United with Israel

EU Seeks to Force Israel and Palestinians into Negotiations

EU’s foreign policy chief Federica Mogherini

EU foreign policy chief Frederica Mogherini. (Loey Felipe/UN)

The European Union is hoping to impose a framework on Israel and the Palestinians for the purpose of reviving the peace process. Negotiations stalled in April 2014 after the PA violated the Oslo Accords by forming a unity government with Hamas.

Palestinian Prime Minister Rami Hamdallah shakes hands with senior Hamas leader Ismail Haniyeh in October 2014. (Abed Rahim Khatib/Flash90)

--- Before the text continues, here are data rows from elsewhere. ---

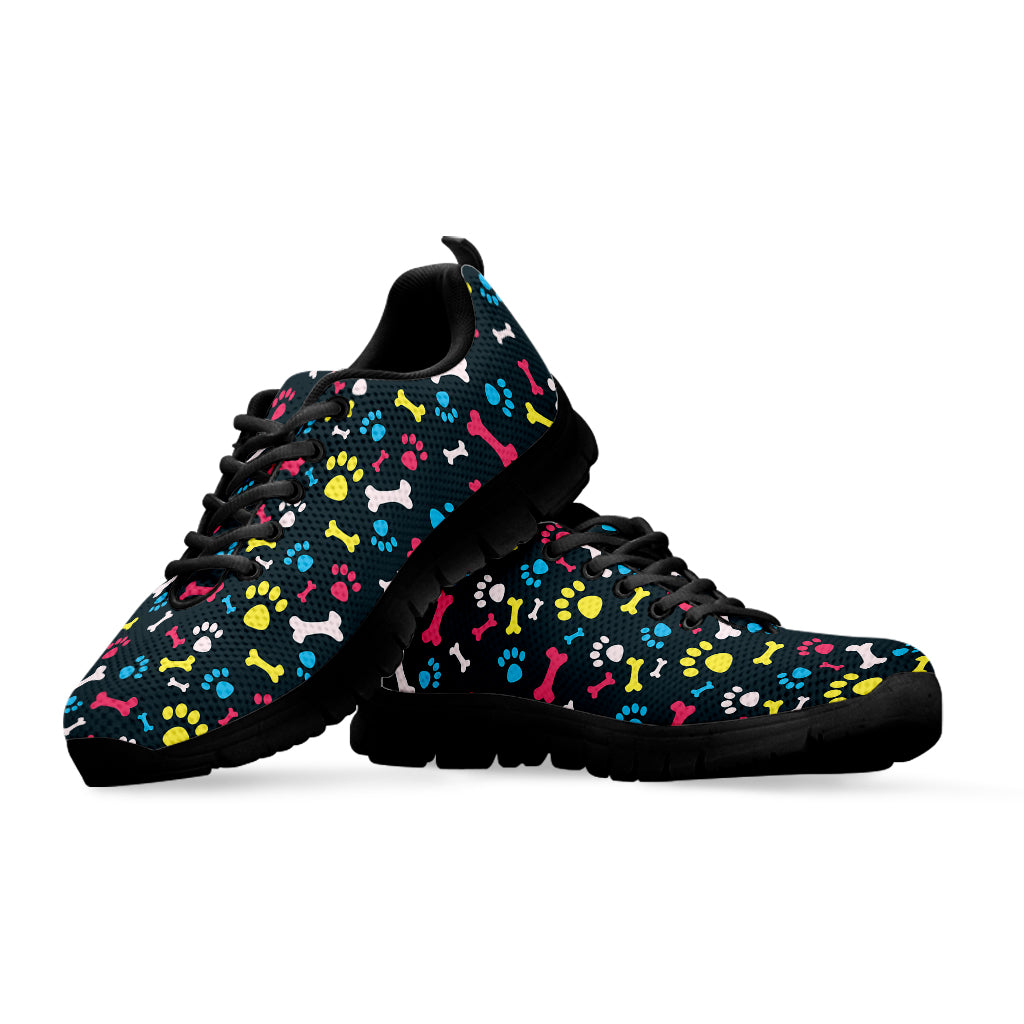 Colorful Paw And Bone Pattern Print Black Running Shoes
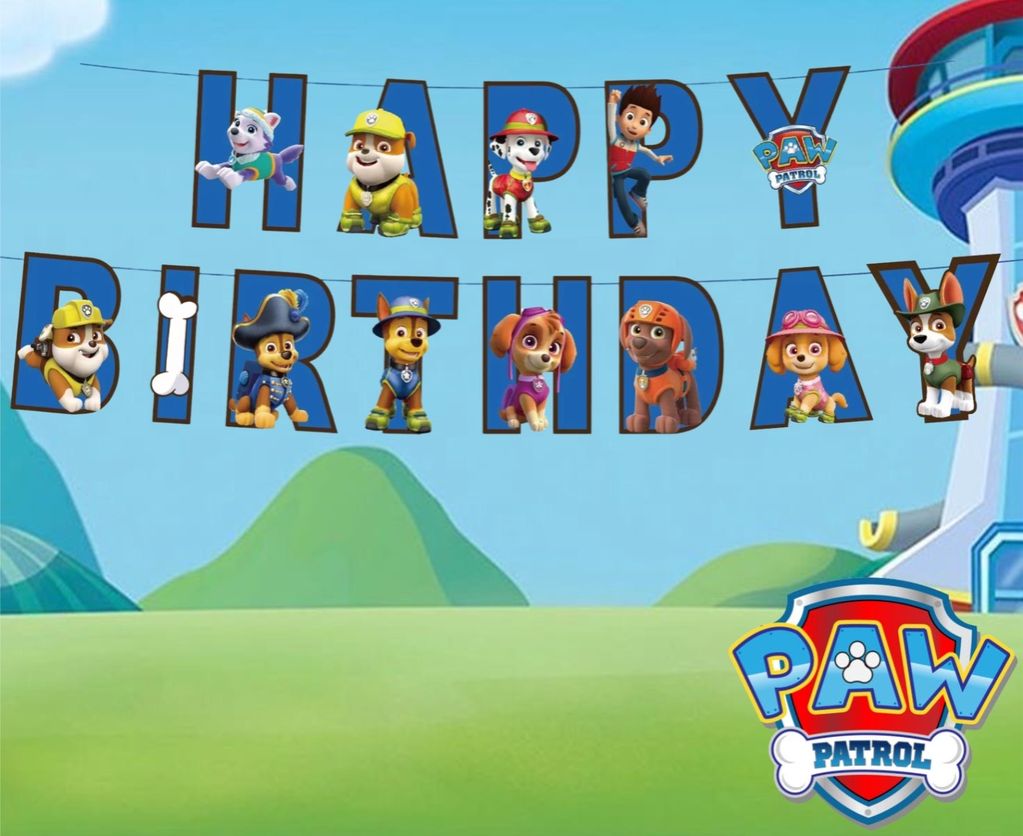 Police Dog Cardboard Party Gala Bunting Letter Banner Happy Birthday Party Decorations paw patrol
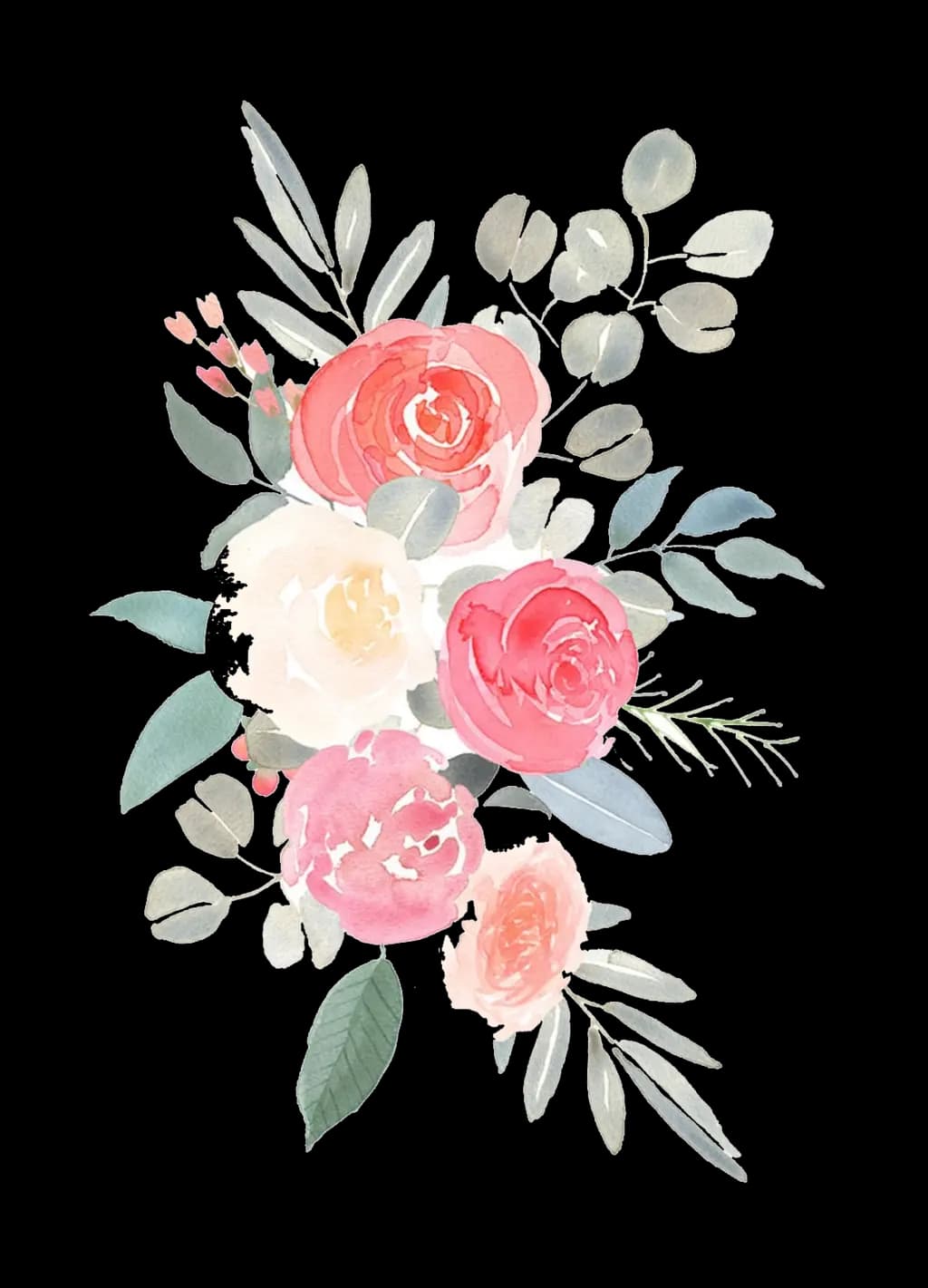 Watercolor flowers (left)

The European Union, apparently buoyed by the conclusion of nuclear negotiations with Iran, will unilaterally seek to impose a new framework in order to revive the moribund Israeli-Palestinian peace process. EU top diplomat Federica Mogherini said she hoped to build trust between both sides and to create the conditions to resume negotiations. Peace negotiations were suspended in April 2014 after the Palestinian Authority agreed to form a unity government with Hamas in violation of the Oslo Accords.

“We need to keep the ambition high, we need to keep the vision, as Europeans, and as international community, and we have to keep the patience to negotiate and to build the conditions for negotiations to restart,” Mogherini told reporters following a meeting of the EU’s Foreign Affairs Council.

Mogherini said that the European foreign ministers decided to focus their attention on two tracks in the coming weeks. The first consists of “supporting, improving the situation on the ground, especially in Gaza, and preventing the situation to get worse, which could be extremely dangerous for everybody, not only in Palestine, in Israel, but also in the region – which is also improving the daily conditions on the ground, a way of rebuilding trust or building trust among the parties, which is a precondition that seems to be far from being achieved at the moment. This might also involve some work on starting implementing some of the agreements that were already signed in the past.”

A Palestinian worker checks a truck loaded with cement bags after entering the Gaza Strip through the Kerem Shalom crossing. (Abed Rahim Khatib/Flash90)

Israel has been supportive of efforts to improve the situation in Gaza, but reconstruction efforts have been persistently bogged down by infighting between the PA and Hamas as well as by the expropriation of cement and other materials by Hamas for the purpose of rebuilding terrorist infrastructure.

“The second track we decided to focus on is creating the conditions for a new political horizon, meaning a new international and regional framework that would lead to the conditions to restart negotiations,” Mogherini added.

As for what that would entail, Mogherini said, “The idea of an international support group is one that we will explore in coming weeks. We will come back to it once I have discussed it with regional actors.”

Peace negotiations between Israel and the Palestinians were suspended in April 2014 when the PA agreed to form a unity government with Hamas, a terrorist organization that calls for the destructions of Israel, in violation of the Oslo Accords. Since then, the PA has taken a series of unilateral steps with the intent of achieving de facto statehood without making peace with Israel, including a successful bid to accede to the International Criminal Court and a failed attempt at UN recognition.